La culture musulmane, et donc aussi algérienne, qui persévère à Astoria est une culture que j’ai perdue depuis mon retour aux États-Unis, à l’âge de 4 ans.
Elle me manque… Terriblement.
Le choc culturel…
Je me souviens avoir vécu à Alger et en Kabylie. C’est en Kabylie que vit mon peuple, les Amazighs, les « hommes libres ». Je me rappelle avoir parlé la darja… Ma sœur aussi, elle se le rappelle. La perte de cette langue s’est transformée pour nous deux en une sorte d’éloignement de notre patrie.
Passer des montagnes algériennes aux plaines côtières de la Caroline du Nord a représenté un choc culturel majeur pour ma sœur et moi. Nous avons troqué le couscous contre le pain de maïs, la tisane contre le thé sucré, le darja contre l’anglais et le hijab contre le harcèlement.
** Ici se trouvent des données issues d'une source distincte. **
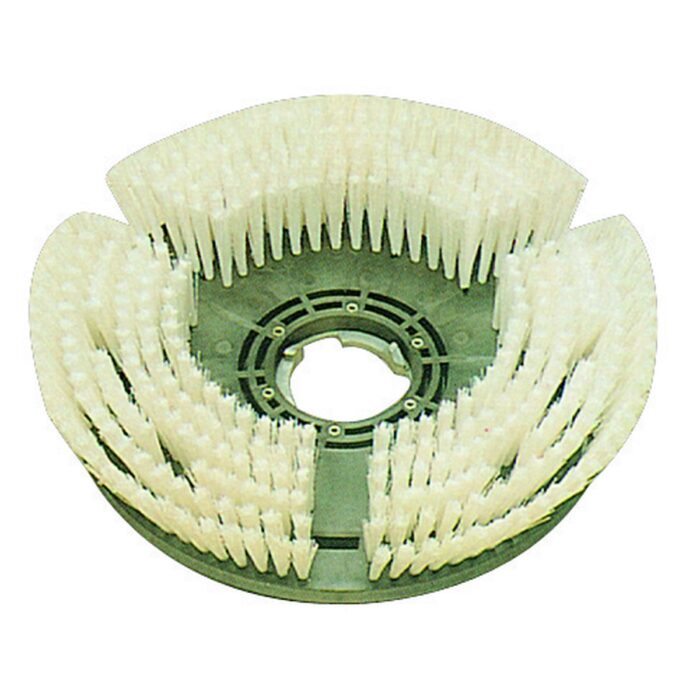 0234-00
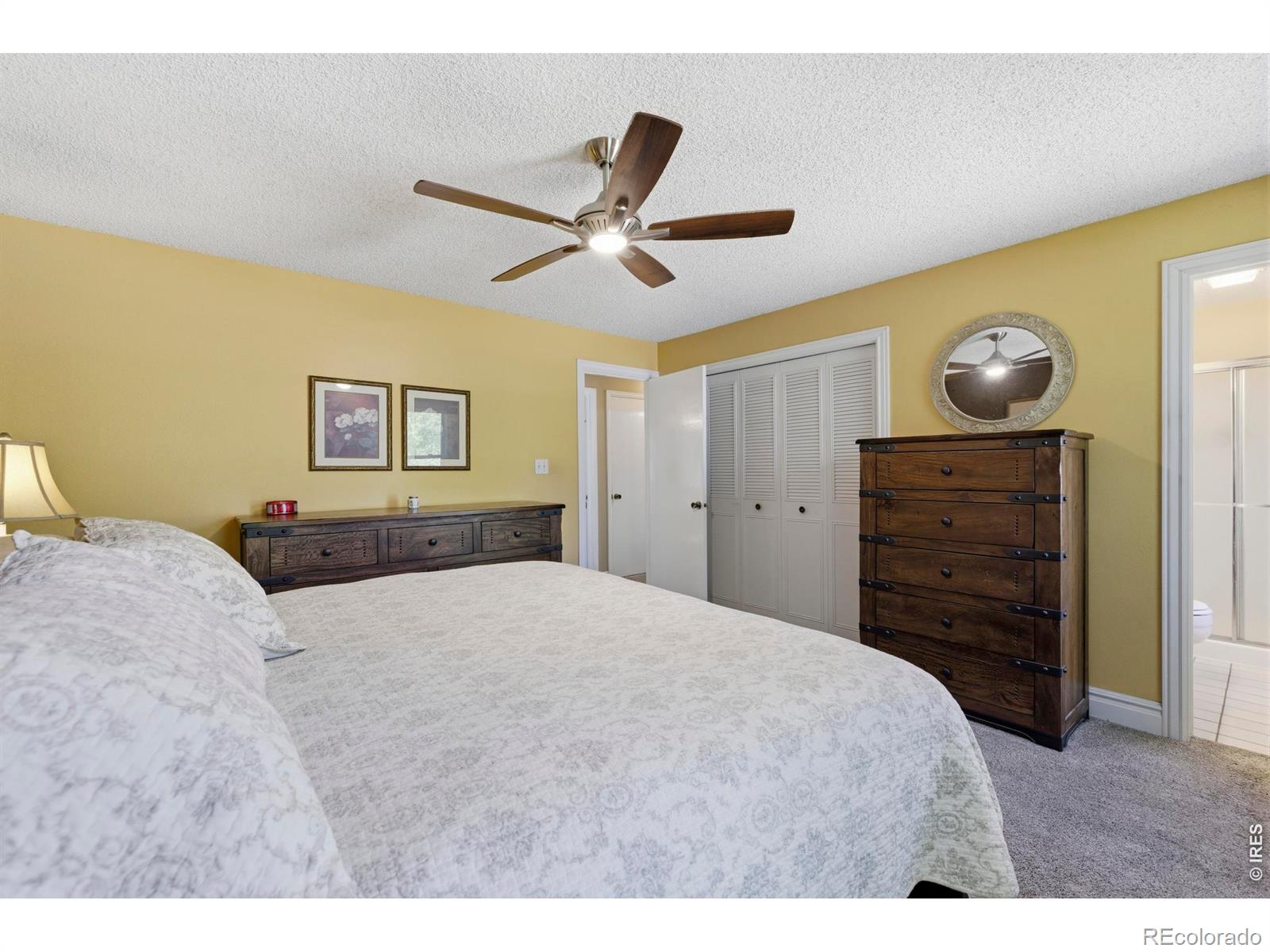 MLS Image #12 for 1232  bowwood drive,loveland, Colorado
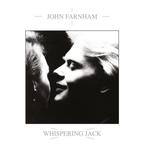 John Farnham - Whispering Jack  (vinyl LP), Cd's en Dvd's, Ophalen of Verzenden, 1980 tot 2000, Nieuw in verpakking, 12 inch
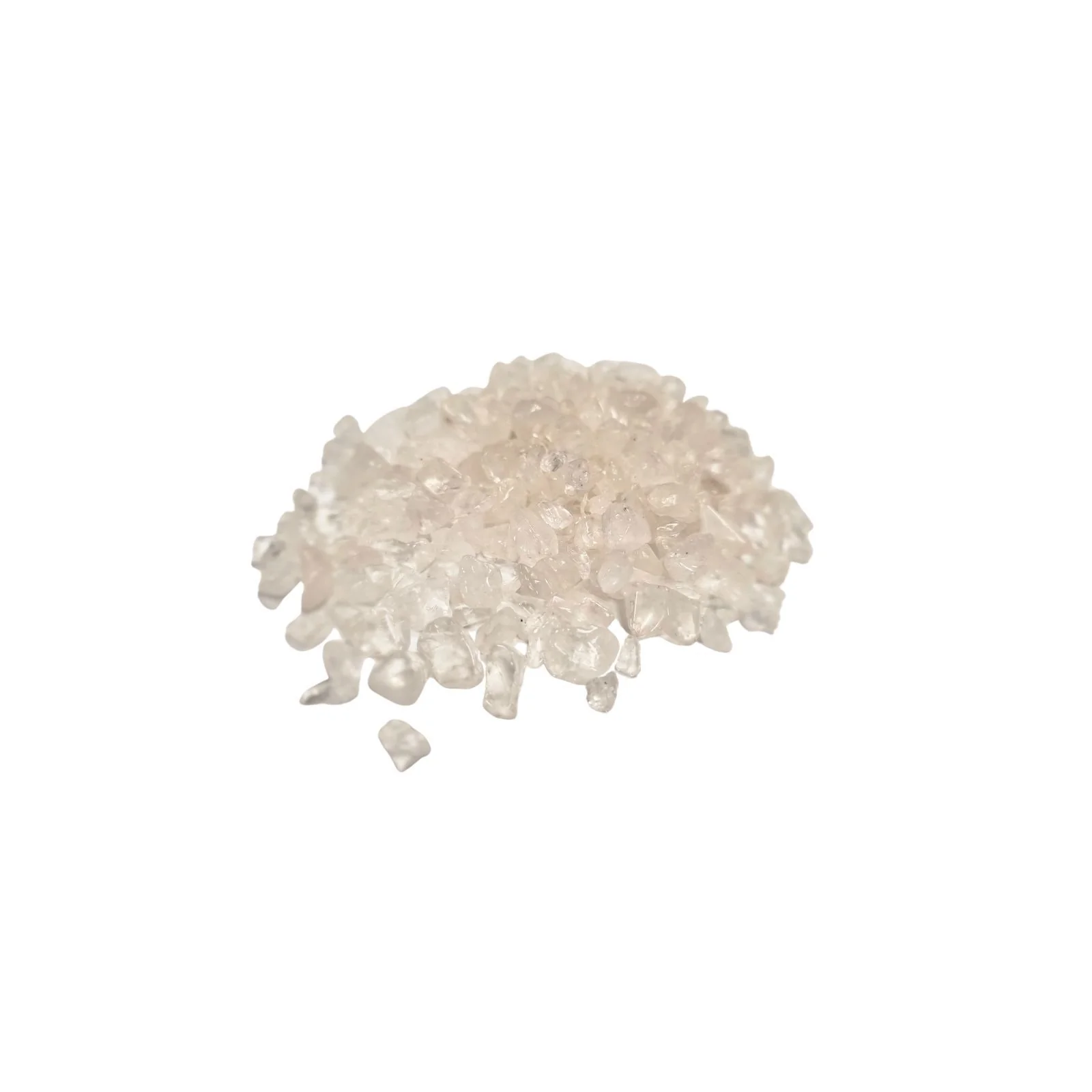Gemstone Chips Bulk – 1KG for Healing, Energy & Crafting - Image 3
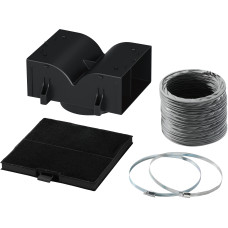 DHZ5325-Kit-recirculare-DHZ5325-imagine-15497 DHZ5325 Kit recirculare DHZ5325 imagine 15497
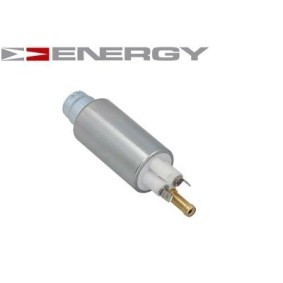 Kraftstoffpumpe für VOLVO von ENERGY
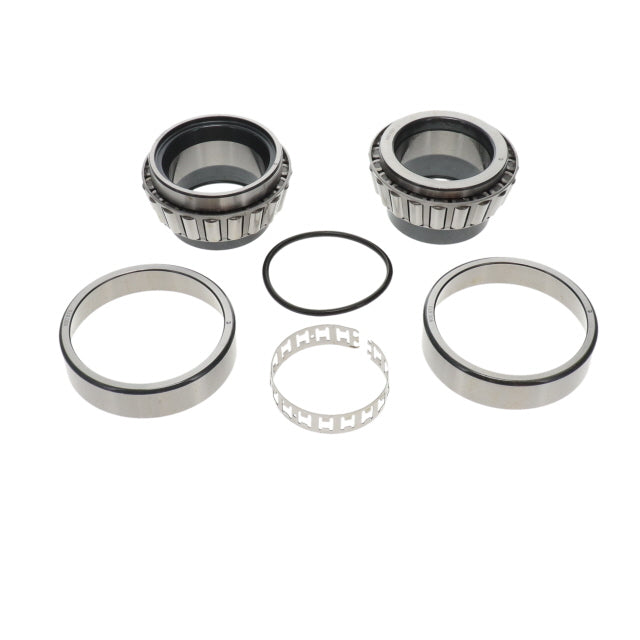 Bus Parts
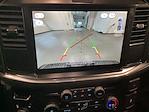 New 2026 Ford F-150 STX Super Cab for sale #5260182 - photo 20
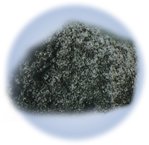 活性碳纖維粉
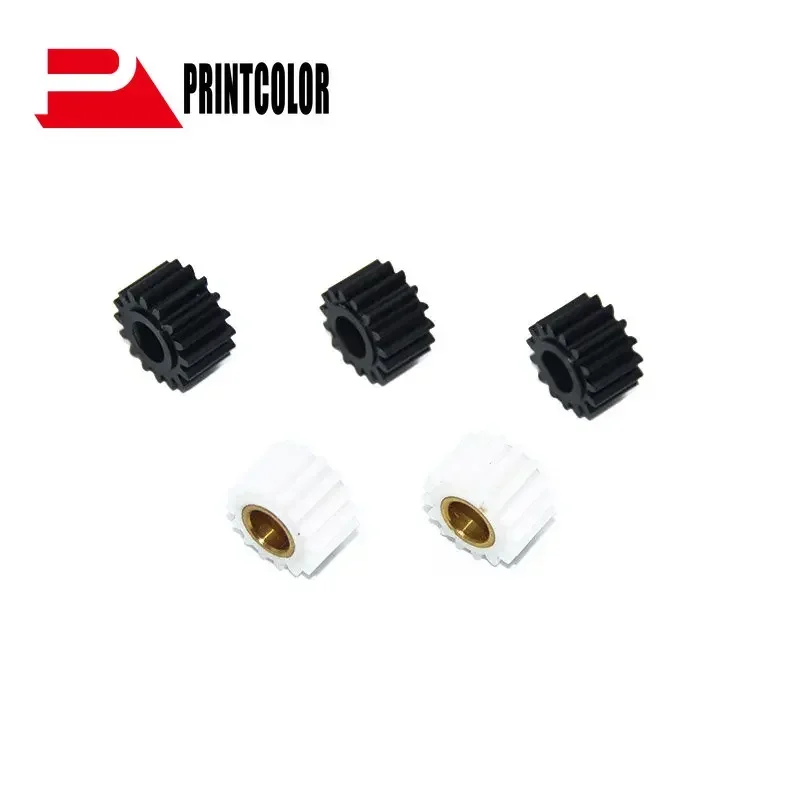10X B 0393245   B B B 0393060   B B B 0393062   Equipo desarrollador para Ricoh Aficio 1015 1018 2015 2018 3025 3030 MP 2510 2550 2851 3010 3351 2001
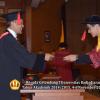 Wisuda Unpad Gel. I TA 2014_2015 Fakultas Hukum oleh Dekan 39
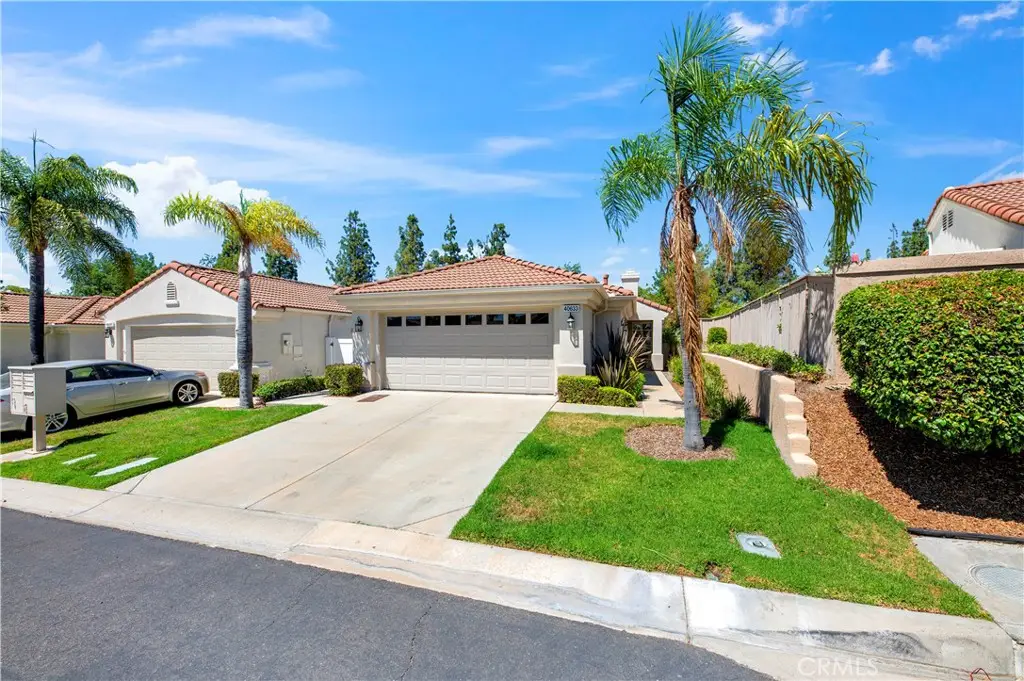 40633 Corte Albara, Murrieta, CA 92562 - Image #1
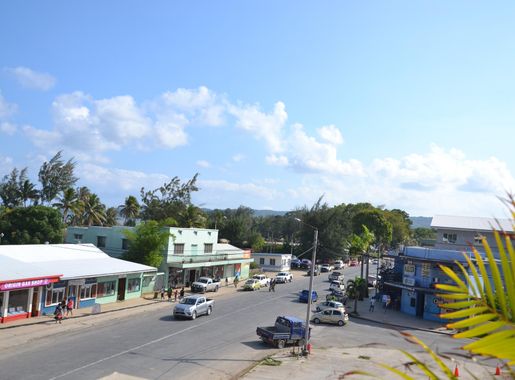 File:Main Street Luganville (28661070193).jpg - Wikimedia Commons
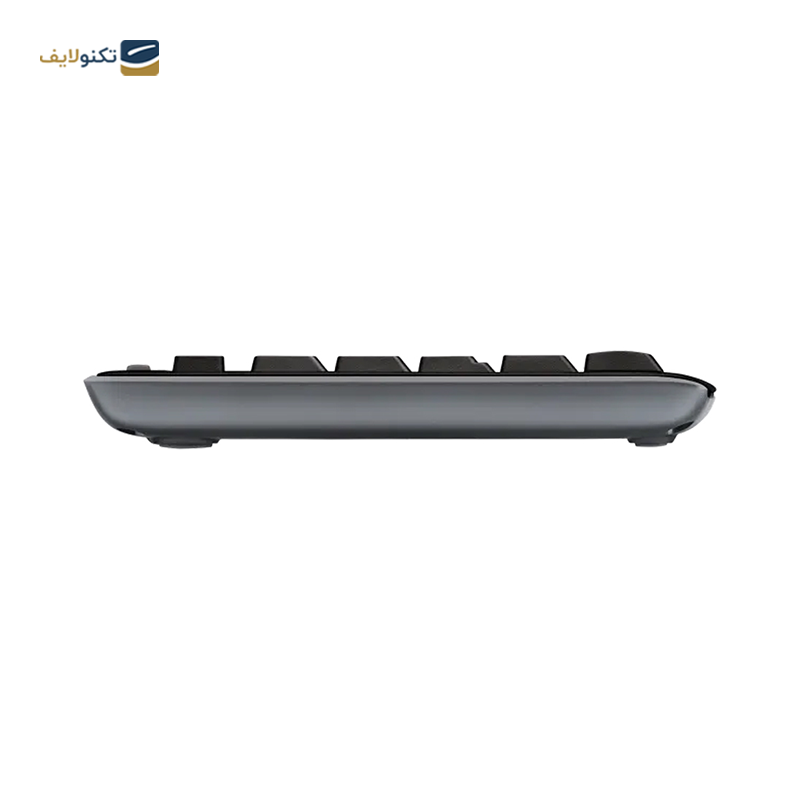 gallery-کیبورد و ماوس با سیم لاجیتک مدل MK120 copy.png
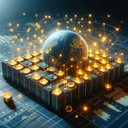 What's Driving Array Technologies' 9% Pre-Market Jump?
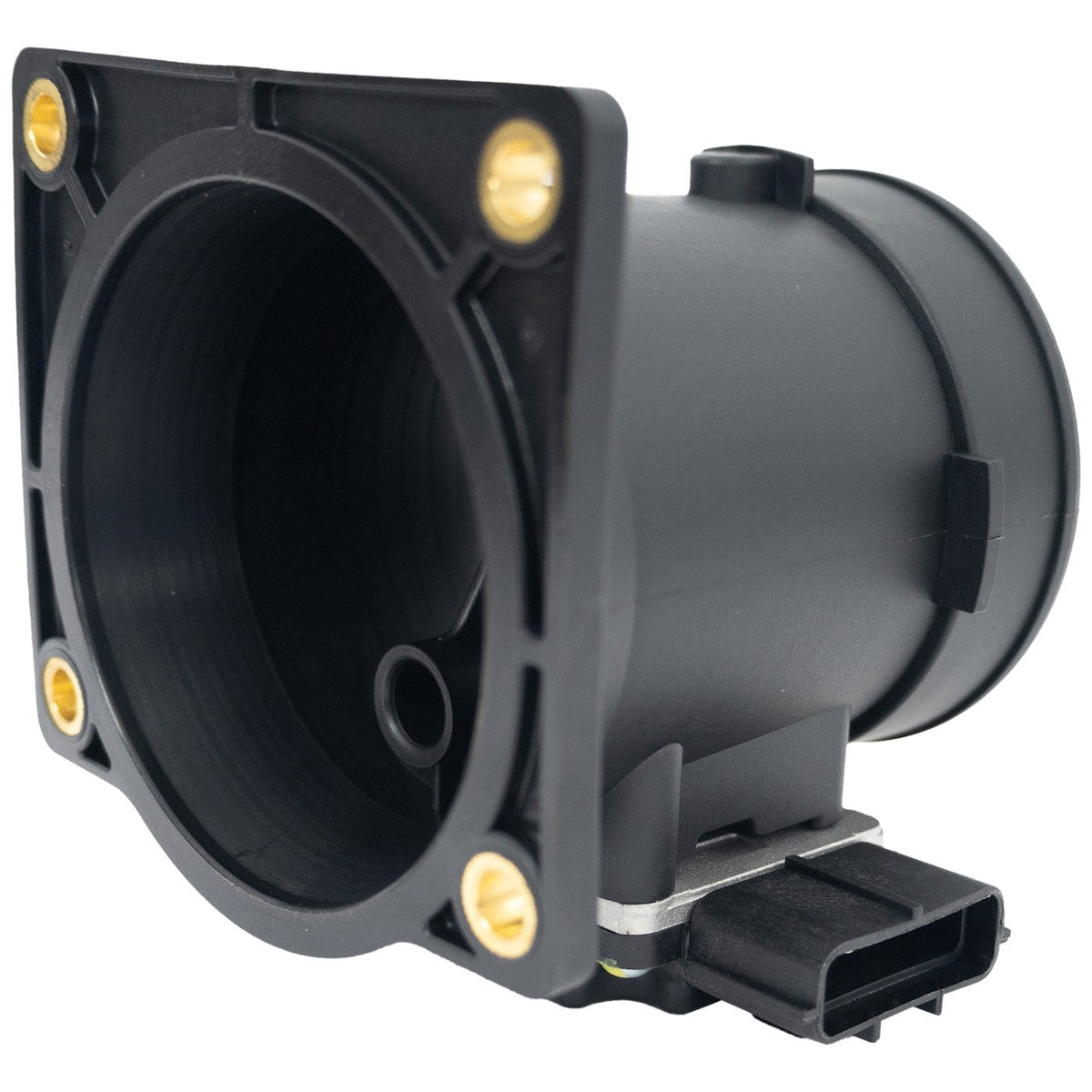 Mass Air Flow Sensor for F-150, E-150, E-250 (2004) Ford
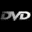 DirectDVD 6 HD 6.2.0.4 DirectDVD 6 HD 6.2.0.4 32x32 pixels icon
Après notre arrivée aux États-Unis, j’ai bénéficié d’une année tampon avant de commencer la maternelle. J’ai employé ce temps pour me familiariser avec une culture qui m’était étrangère. Ma sœur n’a pas eu ce luxe. Elle a été directement propulsée dans les écoles américaines. Elle parlait un anglais approximatif et avec un accent. Son hijab la rendait encore plus visible. En quatrième année, des brutes l’ont poursuivie dans la cour de récréation et l’ont poussée d’une plate-forme. Elle s’est fracturé le poignet.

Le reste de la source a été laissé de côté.